- **WHAT IS BEING ASKED**
The required answer is a copy of each line in the entries below that includes "plate".

- **DATASET**

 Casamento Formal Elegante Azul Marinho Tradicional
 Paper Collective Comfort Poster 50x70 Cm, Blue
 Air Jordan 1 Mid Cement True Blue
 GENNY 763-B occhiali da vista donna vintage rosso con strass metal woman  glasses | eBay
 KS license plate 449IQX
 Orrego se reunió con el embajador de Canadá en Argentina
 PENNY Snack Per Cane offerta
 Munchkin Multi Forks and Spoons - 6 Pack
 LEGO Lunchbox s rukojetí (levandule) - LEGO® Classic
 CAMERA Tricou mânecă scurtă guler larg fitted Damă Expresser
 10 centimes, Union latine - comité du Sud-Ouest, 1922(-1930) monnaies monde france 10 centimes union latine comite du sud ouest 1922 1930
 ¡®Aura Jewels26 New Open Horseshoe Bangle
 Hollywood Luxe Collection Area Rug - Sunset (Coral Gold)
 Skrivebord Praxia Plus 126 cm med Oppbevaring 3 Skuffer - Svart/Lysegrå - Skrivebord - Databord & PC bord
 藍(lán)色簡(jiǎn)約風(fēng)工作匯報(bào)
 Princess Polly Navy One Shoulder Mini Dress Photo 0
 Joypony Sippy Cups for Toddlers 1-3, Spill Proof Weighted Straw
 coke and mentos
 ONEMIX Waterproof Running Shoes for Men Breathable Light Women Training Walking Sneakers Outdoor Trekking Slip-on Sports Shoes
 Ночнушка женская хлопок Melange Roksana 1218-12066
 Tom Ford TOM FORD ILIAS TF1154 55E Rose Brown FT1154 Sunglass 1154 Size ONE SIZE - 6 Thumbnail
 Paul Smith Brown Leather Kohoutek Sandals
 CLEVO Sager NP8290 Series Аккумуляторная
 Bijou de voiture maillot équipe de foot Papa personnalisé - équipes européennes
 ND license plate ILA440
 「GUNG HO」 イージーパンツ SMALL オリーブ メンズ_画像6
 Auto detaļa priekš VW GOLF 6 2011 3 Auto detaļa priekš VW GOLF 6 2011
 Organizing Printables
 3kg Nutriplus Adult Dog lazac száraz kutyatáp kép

- **RESPONSE TO THE EXERCISE**
 KS license plate 449IQX
 ND license plate ILA440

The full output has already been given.